Hay deudas que el mandatario deberá saldar pronto, antes de que se conviertan en un itinerario hacia la ingobernabilidad.
Hay una controversia entre los consejeros legales del presidente y los consejeros políticos. Desde una lectura dogmática de la ley, Arévalo tiene las manos atadas para sacar a la fiscal. Desde una estrategia jurídico-política, se trata de garantizar que la Corte de Constitucionalidad respalde al mandatario después de que despida a la fiscal y ella busque la protección de los magistrados. Consulté con los reformadores de la Constitución de 1994, que introdujeron la figura del Ministerio Público como poder independiente. Coinciden en que la facultad presidencial de destituir a la fiscal está intacta y las causales son públicas y notorias, que el cambio en una ley menor que promovió la CICIG (la Comisión Internacional Contra la Impunidad de Guatemala) en 2016 para condicionar su destitución “es una instrucción al juez y jamás al presidente, pues de lo contrario sería inconstitucional”.
El impasse no es sinónimo de quietud. Los poderosos grupos ultraconversadores, que se mueven en las sombras, siguen convencidos -sin evidencia alguna- de que el triunfo de Arévalo y del partido Semilla es producto de un fraude electoral. La permanencia de la fiscal es el certificado que requieren para convocar a nuevas elecciones este año, aunque suene a delirio de trasnochados. Lo cierto es que el Tribunal Electoral fue reconfigurado en las últimas semanas; en el Congreso hay malestar porque Arévalo detuvo el engranaje de la corrupción a la que está habituada la mayoría de diputados, y el sistema judicial es la serpiente venenosa que en cierto momento decisivo clava los colmillos.
La segunda deuda es la participación de los pueblos indígenas en el esquema de Gobierno. Arévalo les ha dedicado tiempo a las autoridades ancestrales. Se reúnen con frecuencia y diseñan planes de desarrollo, pero los tentáculos de la corrupción que han penetrado en los tejidos de la sociedad civil en los territorios le han impedido al presidente nombrar a los dirigentes indígenas y a otros representantes democráticos como gobernadores en los departamentos.
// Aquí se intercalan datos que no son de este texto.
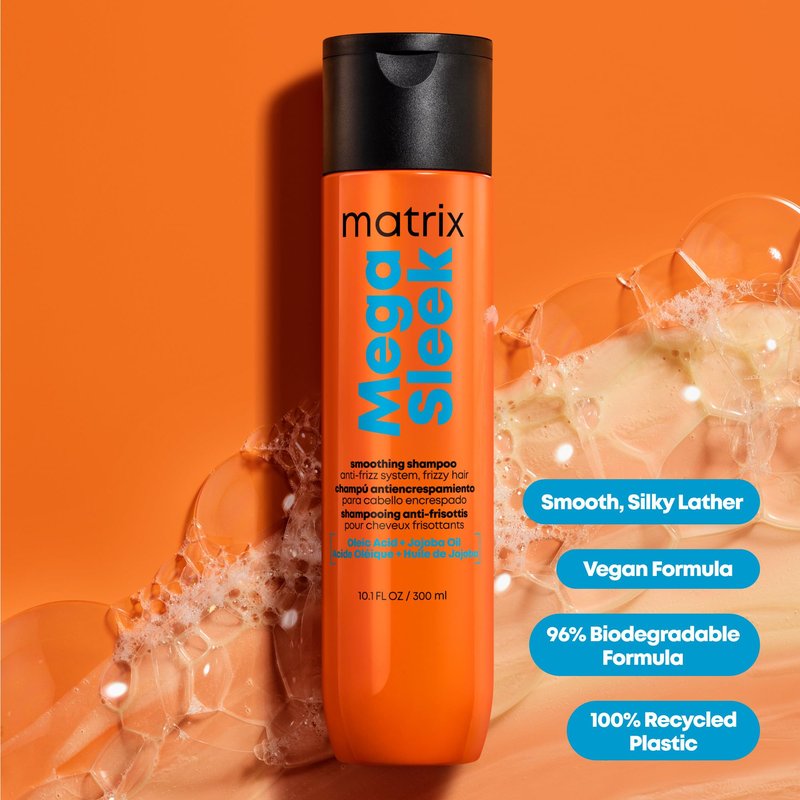 Matrix Mega Sleek Anti-Frizz Shampoo - 96H Frizz Control, 12x Smoother Hair, and Professional Hydration, 10.1 Fl Oz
Las leyes de descentralización le otorgan al gobernador y a los consejos de desarrollo la capacidad de decidir la mayor parte de la inversión física a nivel local y regional, y por eso se han convertido en jugoso botín de mafias y caciques; varios dueños de constructoras -conocidos narcotraficantes- usan los contratos públicos para lavar sus ganancias. Renovar los liderazgos territoriales será clave para la buena gobernanza.
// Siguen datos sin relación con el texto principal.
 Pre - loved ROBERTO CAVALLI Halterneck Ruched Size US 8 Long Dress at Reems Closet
Otro campo con saldo rojo y que se antoja pantanoso es el de la burocracia acostumbrada a operar con opacidad. El presidente Arévalo no cuenta con los funcionarios suficientes para cubrir todas las áreas de gestión estratégica. Según mis cálculos, requiere un elenco de no menos de 600 cuadros de alto nivel político y técnico para abreviar la curva de aprendizaje, que estén firmemente comprometidos con la agenda anticorrupción. Si hasta acá la tarea es compleja, el expresidente Alejandro Giammattei se encargó de minar el terreno: despidió de manera irregular a miles de empleados que ahora tramitan indemnizaciones millonarias en los tribunales de trabajo, y a la vez amarró contratos de inamovilidad laboral para sus bases partidarias.